お蕎麦を3日間食べないとさすがに禁断症状が出てしまい、碑文谷の「朝日屋」の開店時間に合わせて飛び込んだ。
大好物の「せいろ」で禁断症状を緩和させるつもりだったが、壁に「ゆずきり、始めました」の張り紙が。どちらにしようかしばし迷った末、注文したのは折衷案としての「2種もり」。「せいろ」と「ゆずきり」を同時に楽しもうというのだ。
いつぞや、三軒茶屋の「安曇野」で「ゆずきり」を初めに食べ、そのあと「せいろ」を食べたら、せいろ蕎麦の繊細な味がわからなくなってしまったという学習をしているので、今回はまずは「せいろ」から。何度食べてもこれは旨い。ホッと落ち着く味である。
次に食べた「ゆずきり」は「せいろ」よりもコシが強く、ゆずの香りと更科そばの香りとがうまい具合に混ざり合い心憎いほどの味わいである。

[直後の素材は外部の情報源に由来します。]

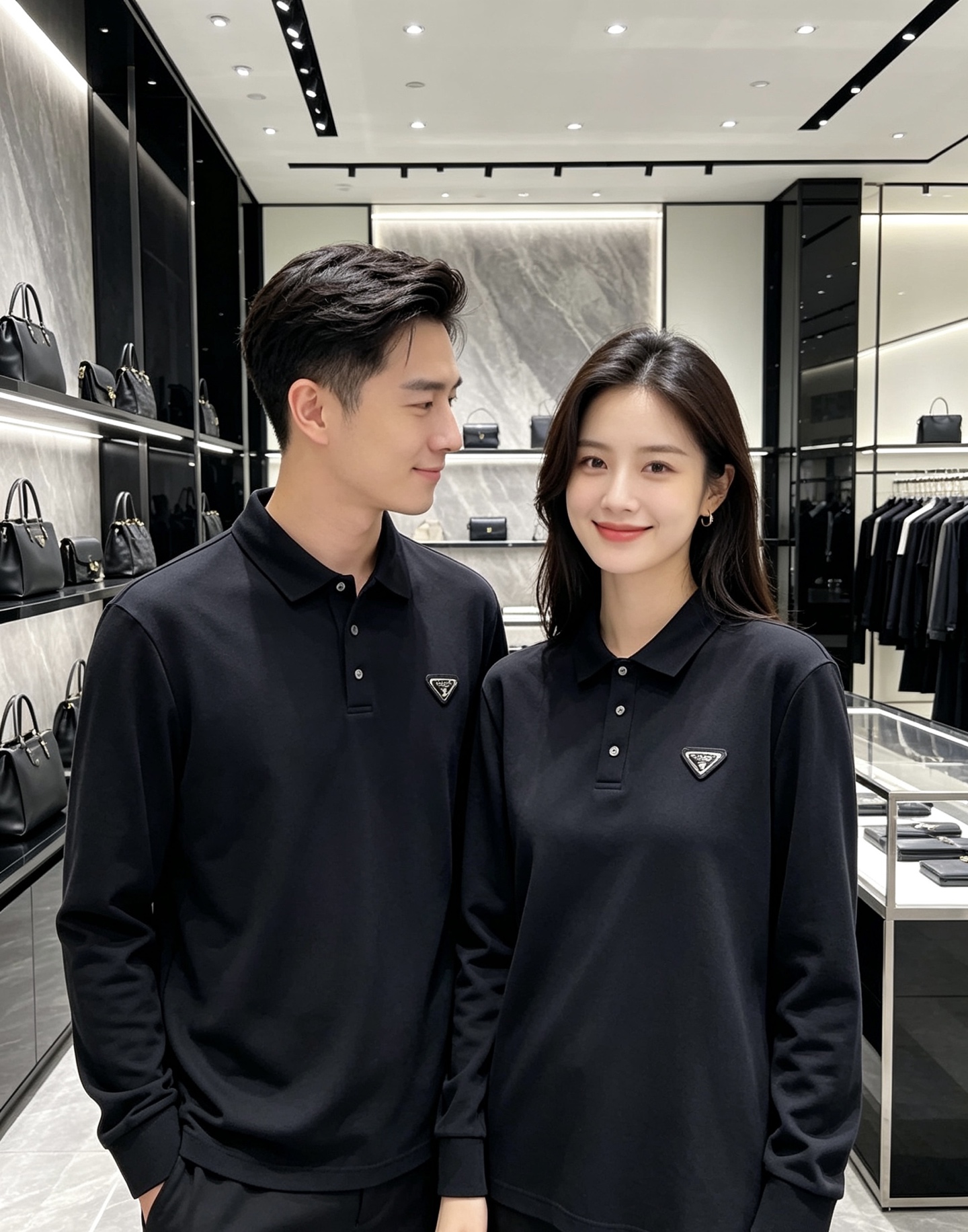 Prada 普拉达 2026秋冬三角金属标长袖Polo 高密细腻珠地棉面料，柔软亲肤，上身挺括有型，久穿不易起皱变形 简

お蕎麦のあとはとろ~んとして香り高い蕎麦湯が待っている。これに揚げたての天かすを入れて、七味唐辛子をパラッとふりかけて飲むと別味を楽しむことができる。「朝日屋」はお蕎麦ひと品で2度楽しめるお蕎麦屋なのである。
夕方から会議が日本橋であるので、その前に蕎麦行脚を決行。場所は三越本店に程近い「利休庵」。注文は「もりそば」(580円)にした。
お蕎麦はこのように更科系の白さと細さである。味、香り、コシ、どれをとっても私の好みであるが、もり汁が少し甘すぎたように思われる。午後4時過ぎなのに、お客さんはひっきりなしに入ってくる。これは立地だけではなく、このお店のお蕎麦、店員さんの接客に起因するのであろう。
美味しいお蕎麦を気持ちよく食べられる「利休庵」には日本橋に来たときにはまた寄りたいと思う。